▸ Information:
*** Begin section ***

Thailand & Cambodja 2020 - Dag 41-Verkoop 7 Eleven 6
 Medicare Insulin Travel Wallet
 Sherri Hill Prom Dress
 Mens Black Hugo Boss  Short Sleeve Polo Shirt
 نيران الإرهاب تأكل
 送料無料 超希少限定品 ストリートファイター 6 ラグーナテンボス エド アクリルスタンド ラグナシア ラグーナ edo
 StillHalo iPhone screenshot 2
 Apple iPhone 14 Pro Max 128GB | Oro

*** End section ***

▸ Brief: Copy out every line of the entries where the string "iPhone" shows up.

▸ Response for this exercise:
 StillHalo iPhone screenshot 2
 Apple iPhone 14 Pro Max 128GB | Oro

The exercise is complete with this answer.